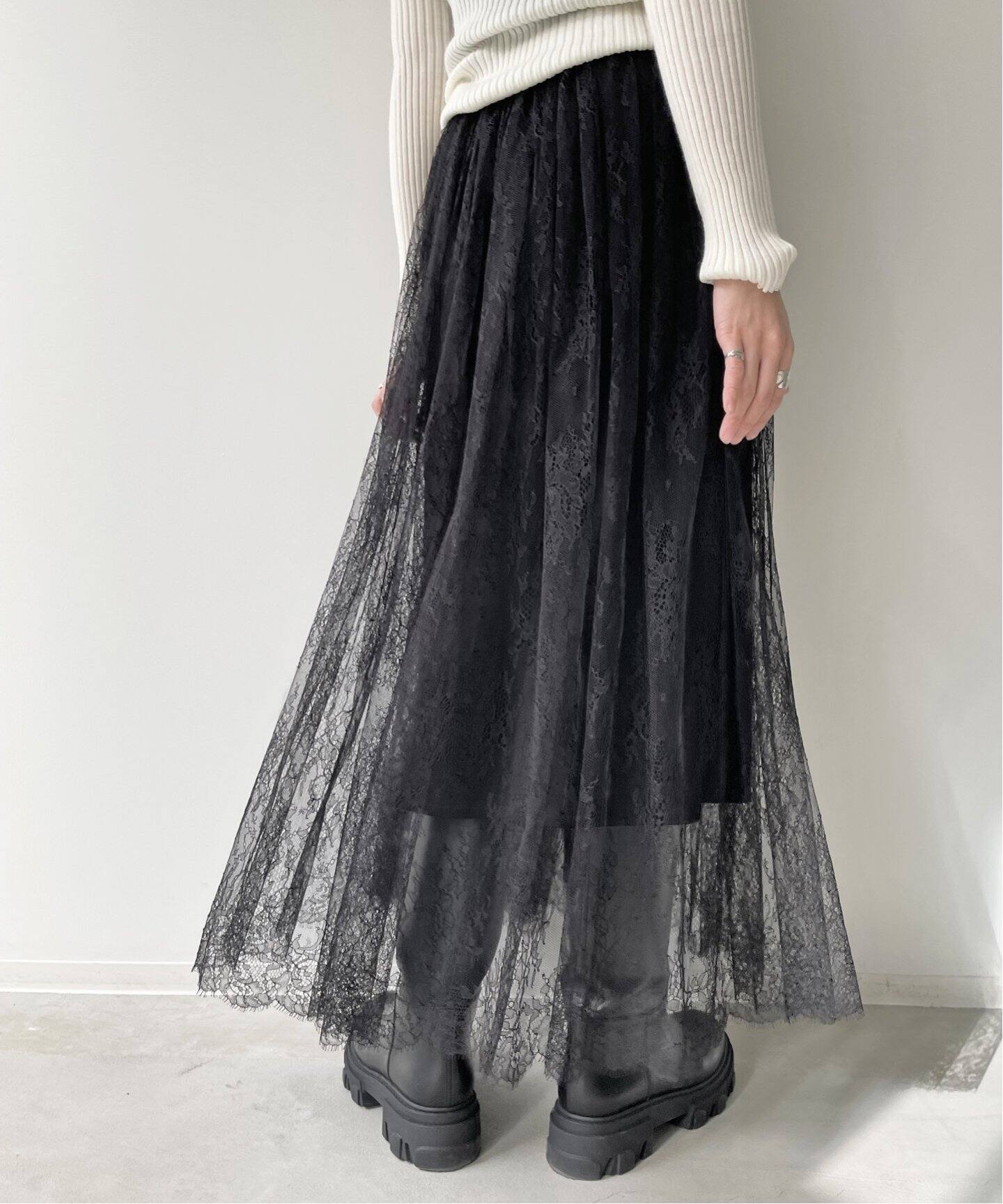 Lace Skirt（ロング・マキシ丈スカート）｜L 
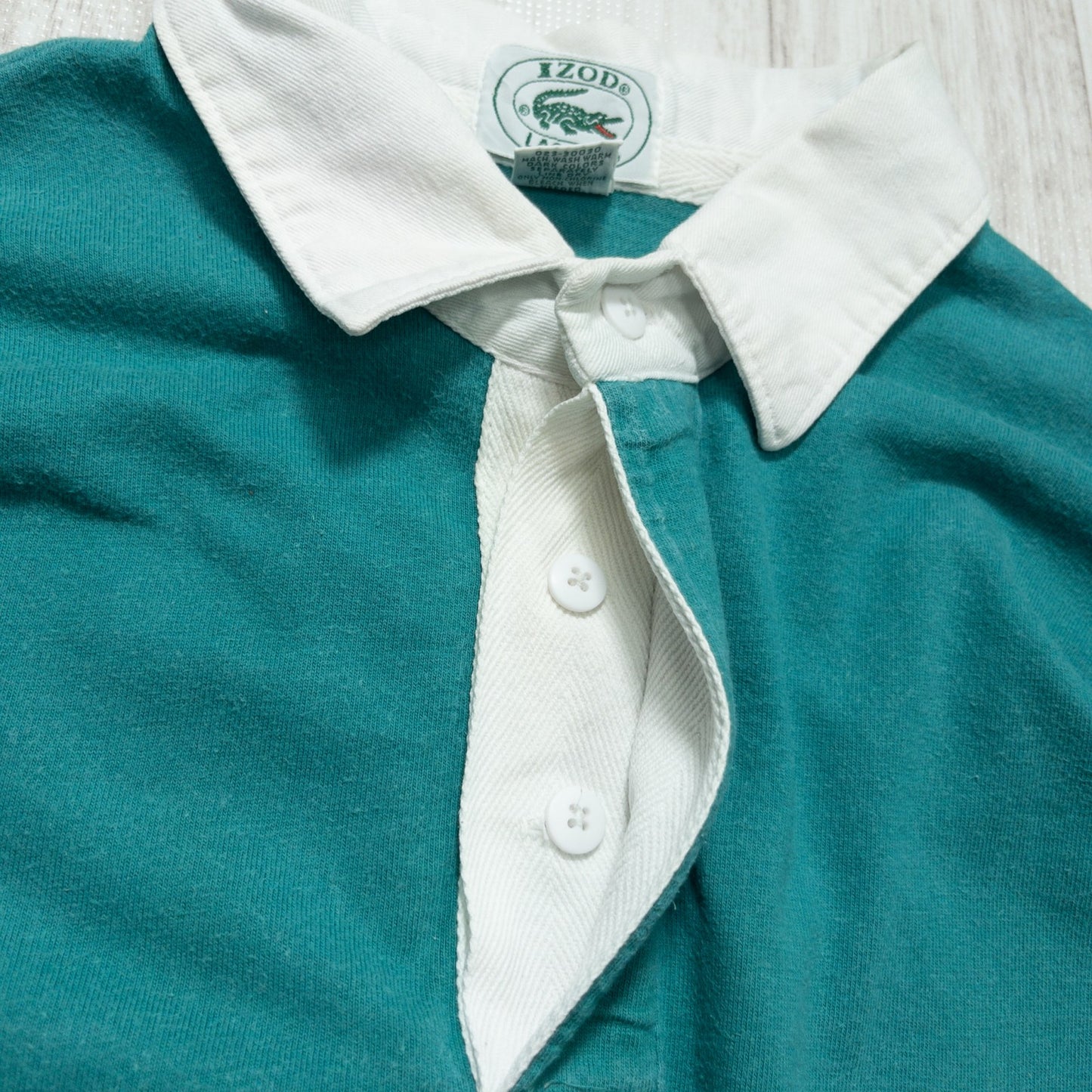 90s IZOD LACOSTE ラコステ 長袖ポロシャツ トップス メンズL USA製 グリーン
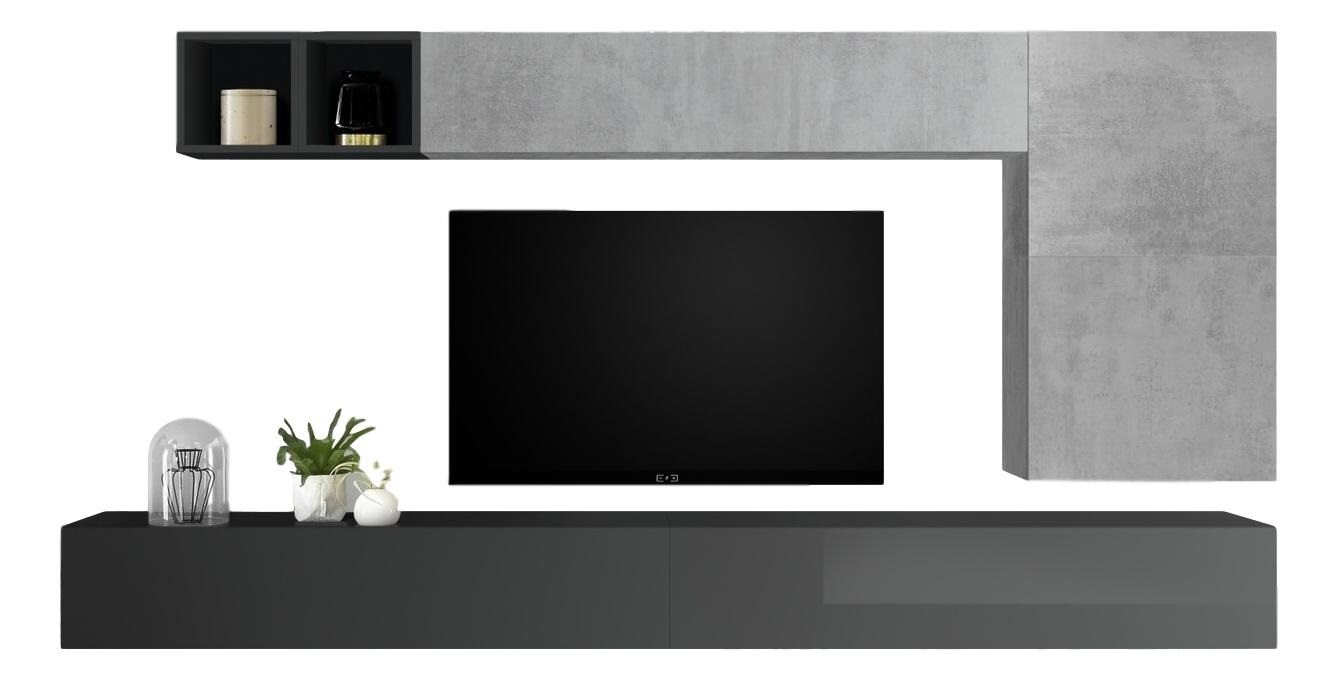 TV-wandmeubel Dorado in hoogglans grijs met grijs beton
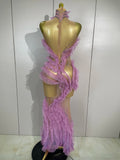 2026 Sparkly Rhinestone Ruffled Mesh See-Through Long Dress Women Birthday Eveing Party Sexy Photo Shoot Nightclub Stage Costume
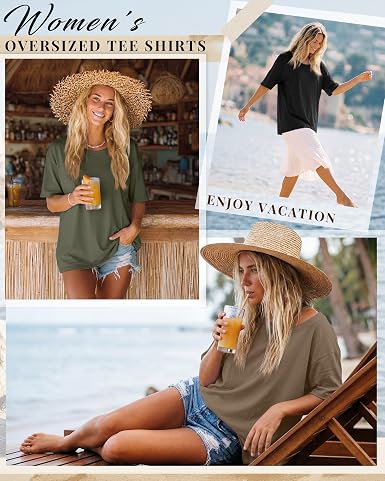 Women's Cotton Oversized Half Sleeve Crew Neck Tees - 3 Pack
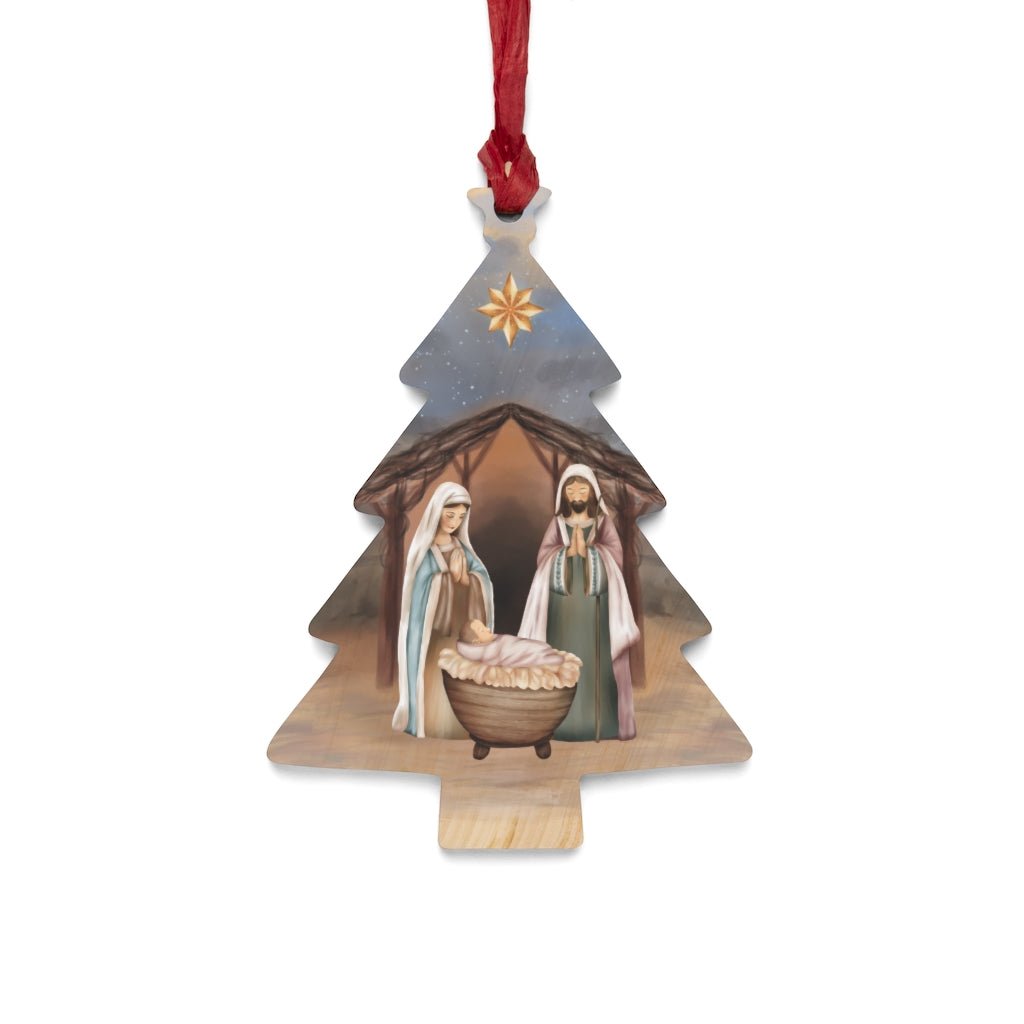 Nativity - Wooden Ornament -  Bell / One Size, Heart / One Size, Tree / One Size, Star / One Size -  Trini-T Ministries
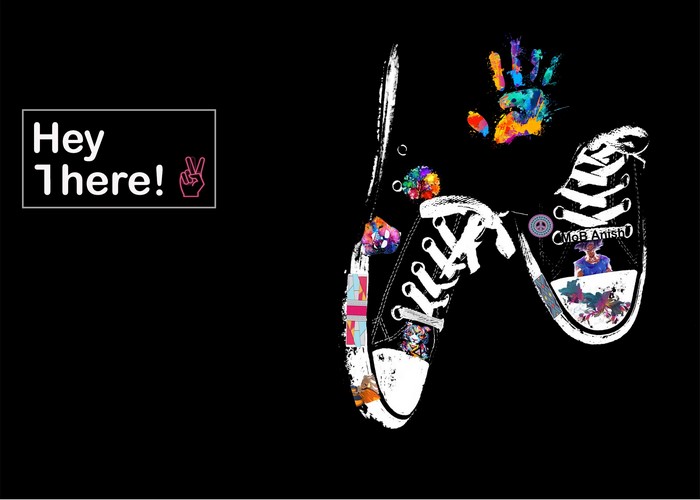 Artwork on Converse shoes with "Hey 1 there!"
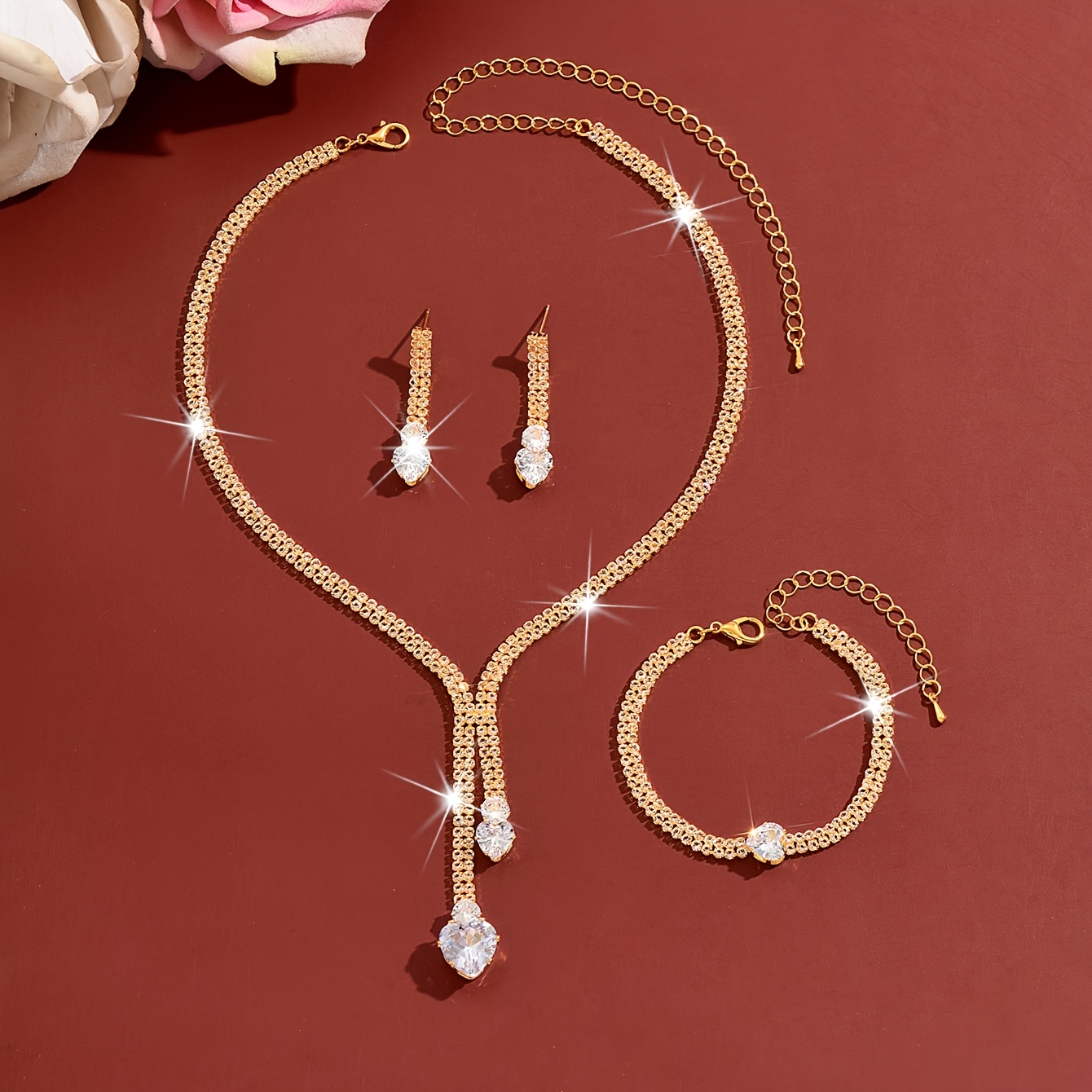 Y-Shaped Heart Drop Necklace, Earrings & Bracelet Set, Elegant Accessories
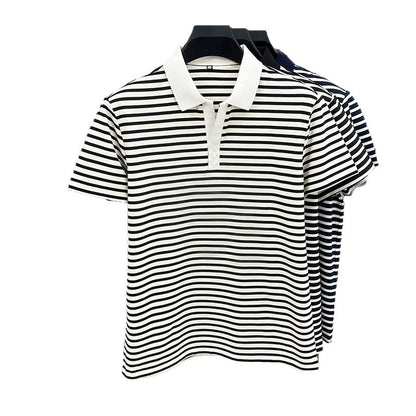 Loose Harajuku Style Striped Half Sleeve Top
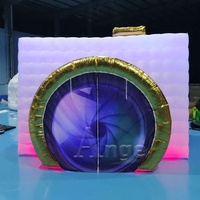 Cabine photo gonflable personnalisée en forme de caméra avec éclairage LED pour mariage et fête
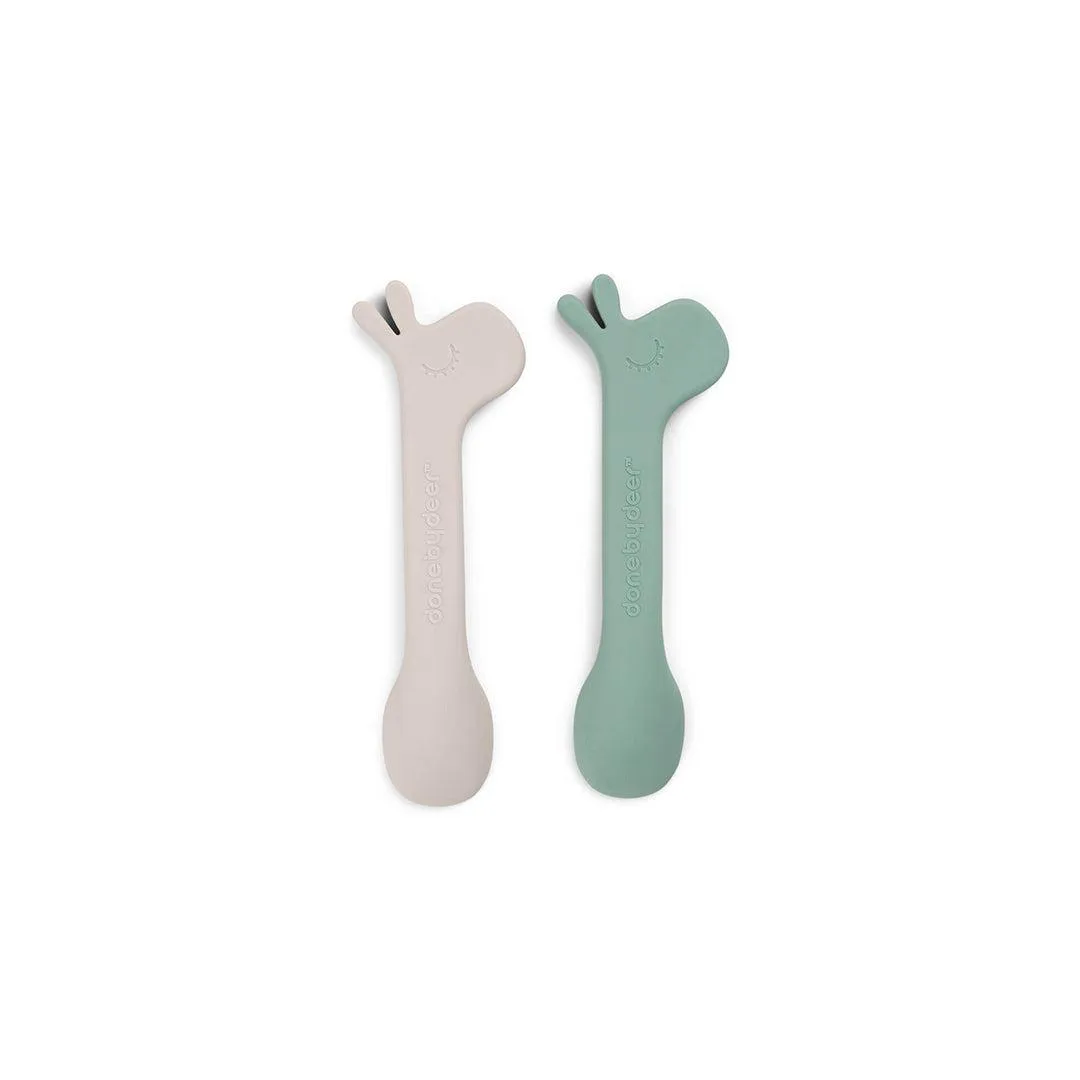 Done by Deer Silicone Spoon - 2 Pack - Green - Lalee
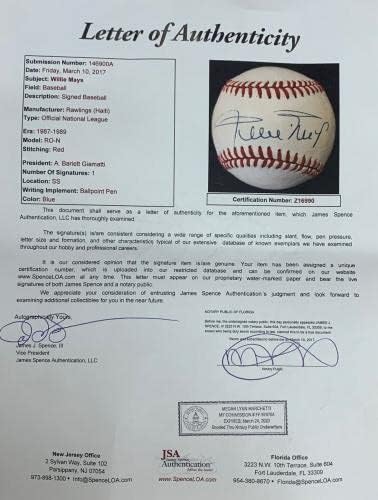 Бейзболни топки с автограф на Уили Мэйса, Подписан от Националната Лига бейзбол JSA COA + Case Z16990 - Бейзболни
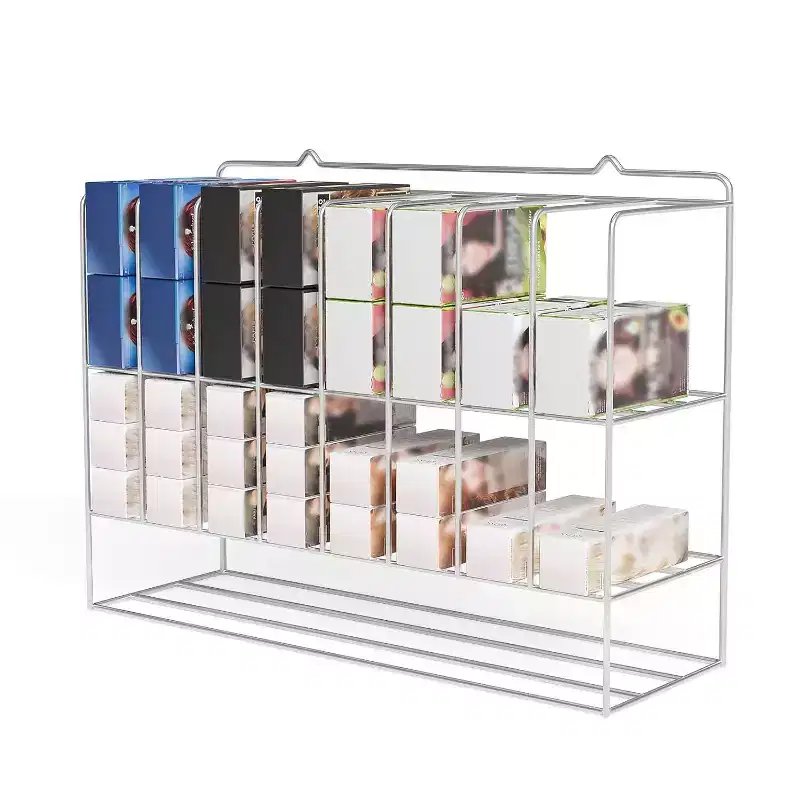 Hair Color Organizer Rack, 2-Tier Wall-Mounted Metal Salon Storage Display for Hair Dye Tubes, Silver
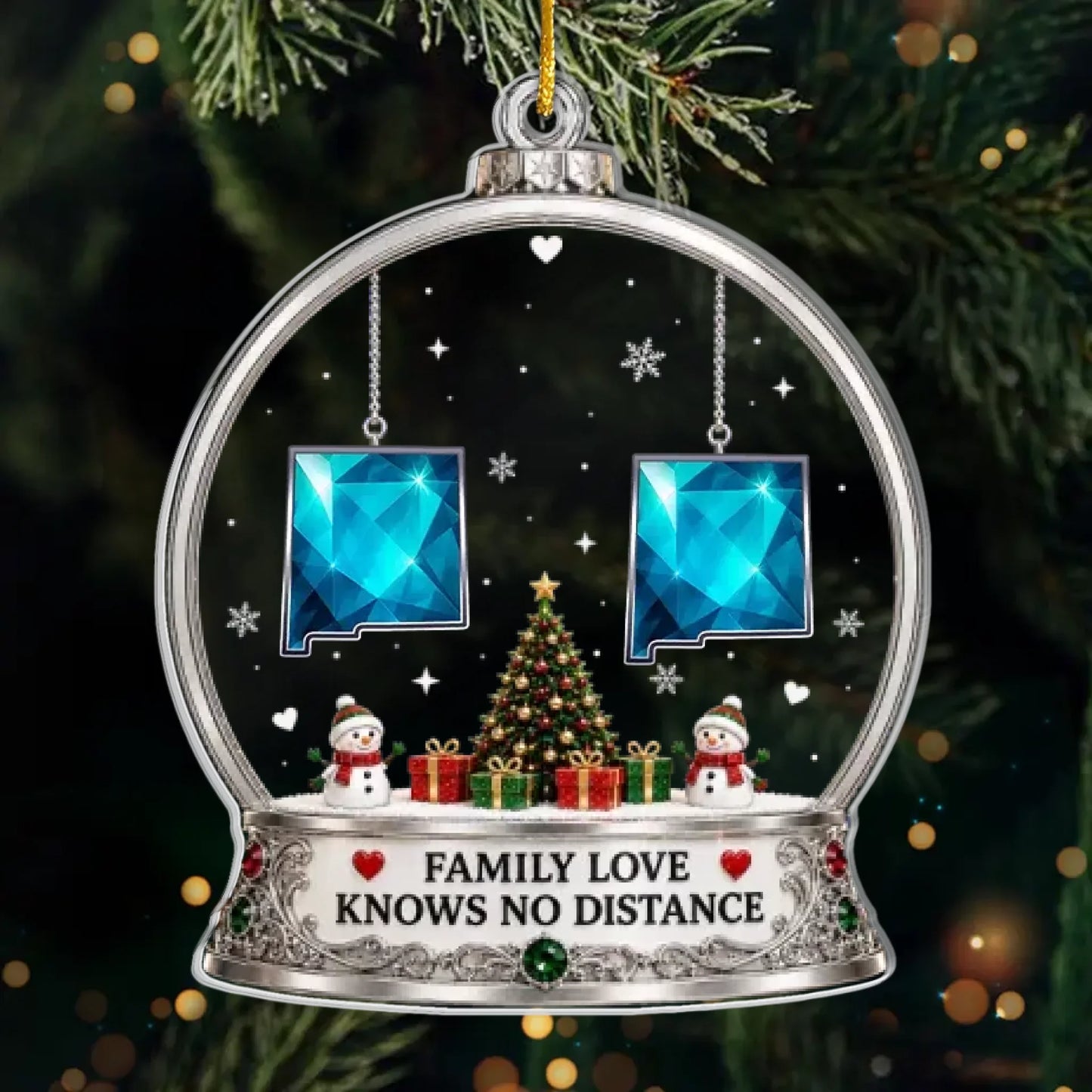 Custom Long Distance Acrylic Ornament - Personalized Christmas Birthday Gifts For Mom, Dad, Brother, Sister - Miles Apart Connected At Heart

··········

◆ TASK OBJECTIVE ◆
Your task is to repeat exactly the lines from the beginning of the data to the line that contains "Women's Cotton Oversized", both ends included, leaving out pictures.

◆ OUTPUT ◆
 Lace Skirt（ロング・マキシ丈スカート）｜L 
 90s IZOD LACOSTE ラコステ 長袖ポロシャツ トップス メンズL USA製 グリーン
 TV-wandmeubel Dorado in hoogglans grijs met grijs beton
 2026 Sparkly Rhinestone Ruffled Mesh See-Through Long Dress Women Birthday Eveing Party Sexy Photo Shoot Nightclub Stage Costume
 Women's Cotton Oversized Half Sleeve Crew Neck Tees - 3 Pack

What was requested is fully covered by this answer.